Caption-style text data:
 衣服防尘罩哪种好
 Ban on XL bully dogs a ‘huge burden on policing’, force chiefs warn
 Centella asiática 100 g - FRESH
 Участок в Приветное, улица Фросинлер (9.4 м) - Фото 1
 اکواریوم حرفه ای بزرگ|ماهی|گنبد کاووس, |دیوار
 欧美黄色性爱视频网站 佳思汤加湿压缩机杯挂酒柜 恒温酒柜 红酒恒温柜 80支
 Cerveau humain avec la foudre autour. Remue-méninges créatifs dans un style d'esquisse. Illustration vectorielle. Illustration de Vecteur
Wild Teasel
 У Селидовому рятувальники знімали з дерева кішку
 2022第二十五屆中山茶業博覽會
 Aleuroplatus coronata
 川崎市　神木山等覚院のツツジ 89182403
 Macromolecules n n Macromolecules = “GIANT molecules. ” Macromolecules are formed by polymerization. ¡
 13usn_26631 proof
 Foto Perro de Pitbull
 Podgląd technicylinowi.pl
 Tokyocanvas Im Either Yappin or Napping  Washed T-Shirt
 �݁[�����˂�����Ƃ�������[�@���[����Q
==
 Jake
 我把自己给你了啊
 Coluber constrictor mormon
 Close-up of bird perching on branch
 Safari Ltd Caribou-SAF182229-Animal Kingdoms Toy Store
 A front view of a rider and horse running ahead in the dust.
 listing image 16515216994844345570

§ **The task**: Word for word, restate the lines of the data above that fall between the line holding "У Селидовому рятувальники" and the line holding "Tokyocanvas Im Either", inclusive, and no other lines.

§ **Written solution**:
 У Селидовому рятувальники знімали з дерева кішку
 2022第二十五屆中山茶業博覽會
 Aleuroplatus coronata
 川崎市　神木山等覚院のツツジ 89182403
 Macromolecules n n Macromolecules = “GIANT molecules. ” Macromolecules are formed by polymerization. ¡
 13usn_26631 proof
 Foto Perro de Pitbull
 Podgląd technicylinowi.pl
 Tokyocanvas Im Either Yappin or Napping  Washed T-Shirt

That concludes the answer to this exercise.